*Exercise:*
With the pictures omitted, please transcribe exactly the lines beginning at the one that contains "For iPhone 16" and ending with the last line of the records below.
------ Dataset records ------
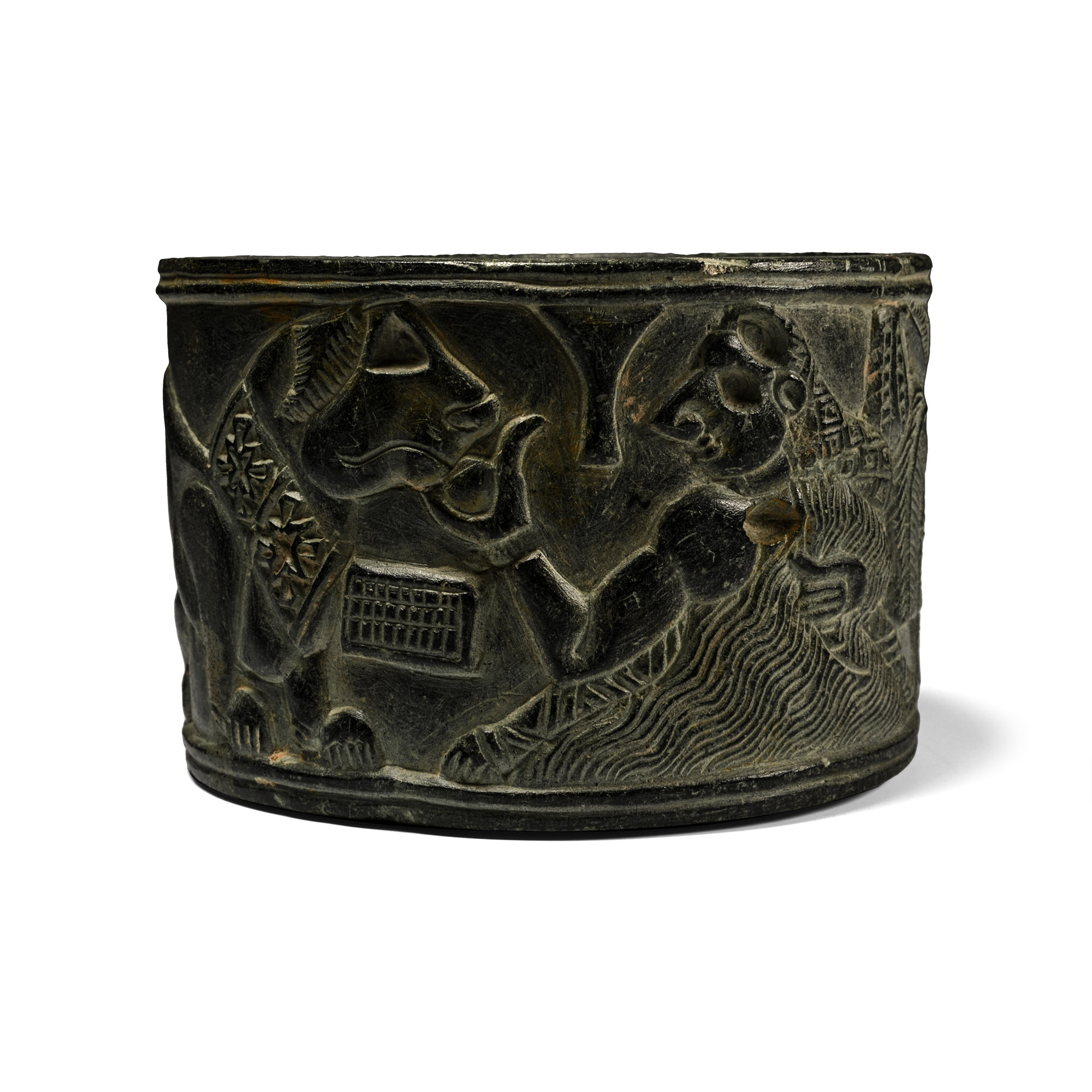 Bactrian Stone Bowl with Two Lions and Female Figure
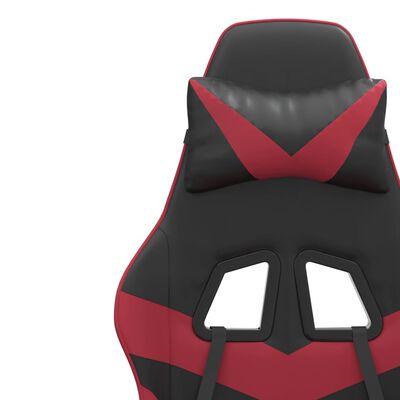 vidaXL Igraća stolica s osloncem za noge umjetna koža crna i boja vina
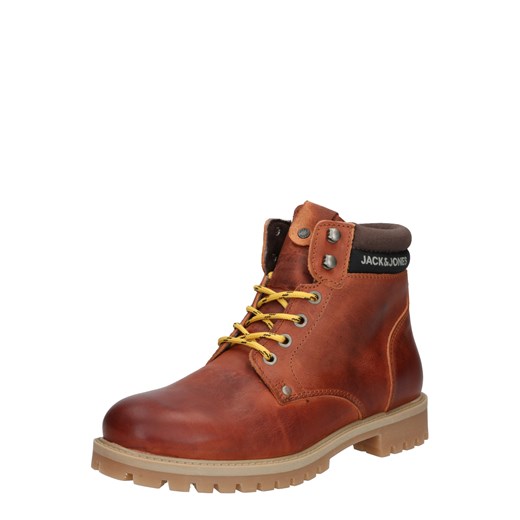 Buty zimowe męskie Jack & Jones ze skóry wiązane w stylu militarnym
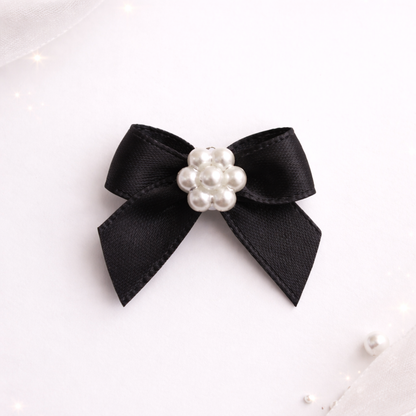 Elegant Satin Pearl Center Bow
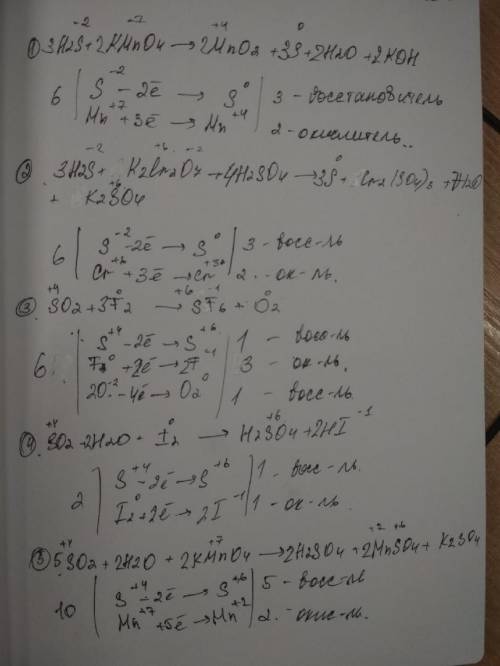 Используя метод электронного баланса ,расставитесь коэффициенты в уравнениях реакций,схемы которы: 1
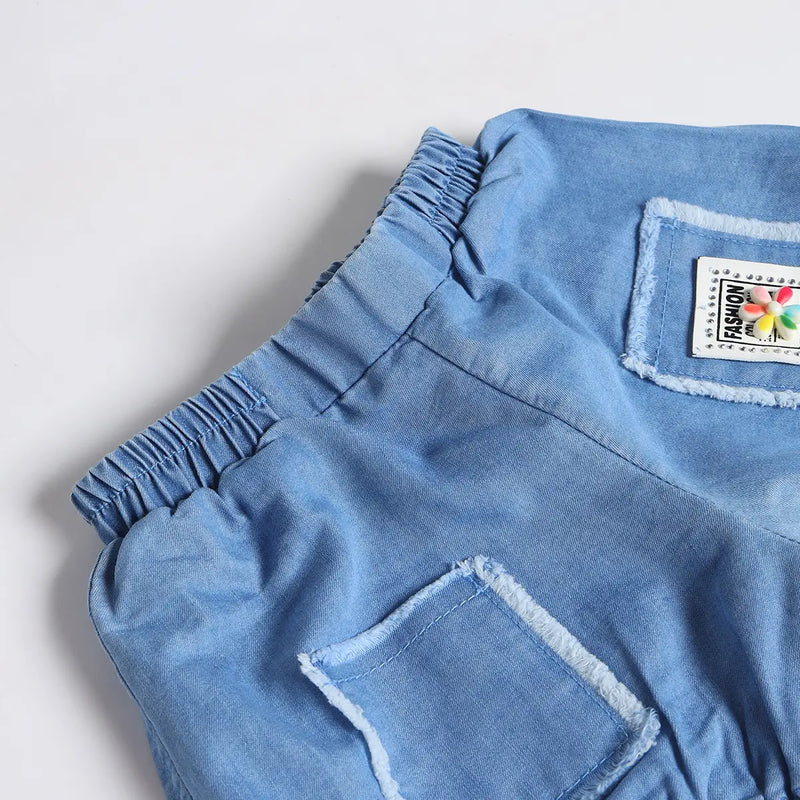 Boys Light Blue Applique Denim Shirt With Elasticated Shorts Sets 2 pc. Sets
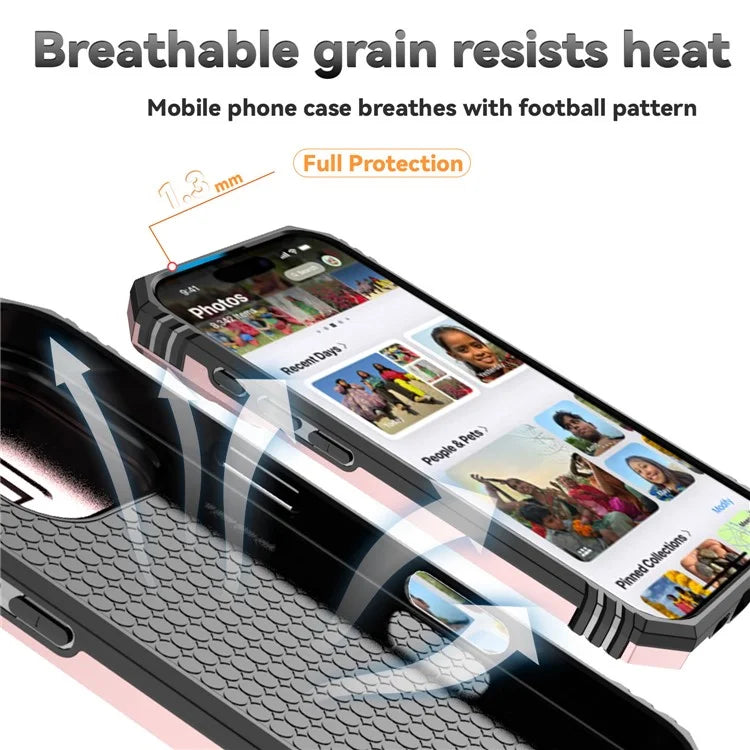 For iPhone 16 Pro Case Ring Kickstand PC+TPU Phone Cover with Camshield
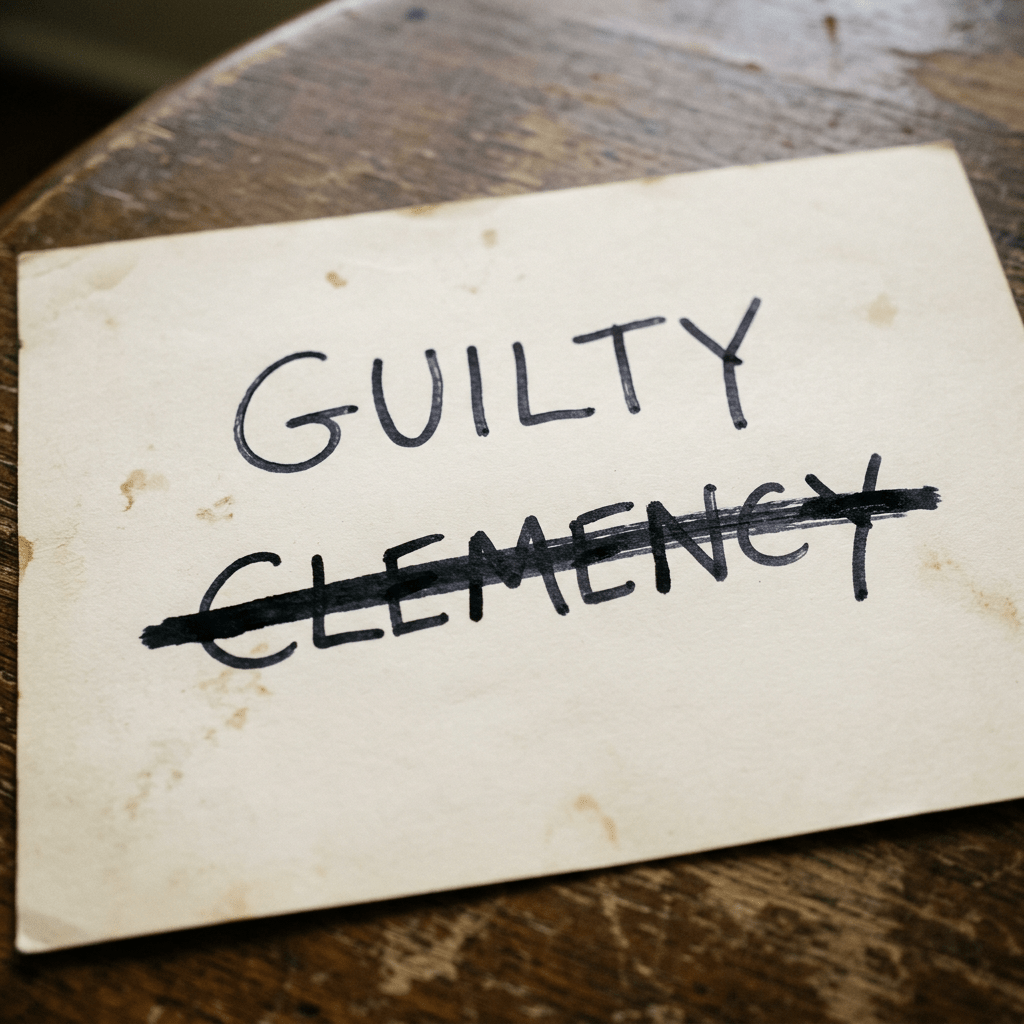 'GUILTY' written above 'CLEMENCY' which is crossed out on a paper.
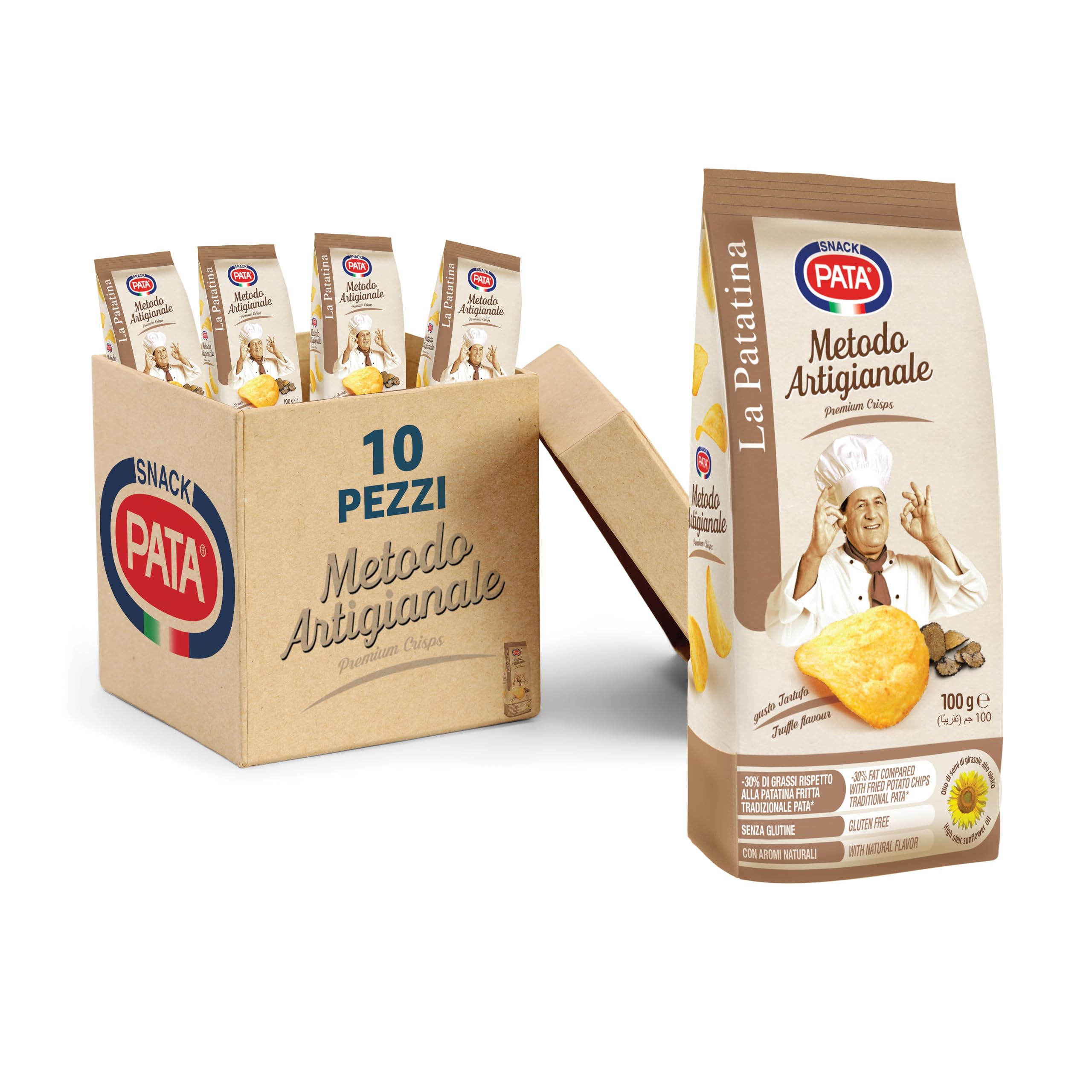 PATA | Patatine Gusto Tartufo Metodo Artigianale, Senza Glutine, Con Olio di Semi di Girasole Alto Oleico, con Aromi Naturali, 10x100g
------
*Output for this task:*
 For iPhone 16 Pro Case Ring Kickstand PC+TPU Phone Cover with Camshield
 'GUILTY' written above 'CLEMENCY' which is crossed out on a paper.
 PATA | Patatine Gusto Tartufo Metodo Artigianale, Senza Glutine, Con Olio di Semi di Girasole Alto Oleico, con Aromi Naturali, 10x100g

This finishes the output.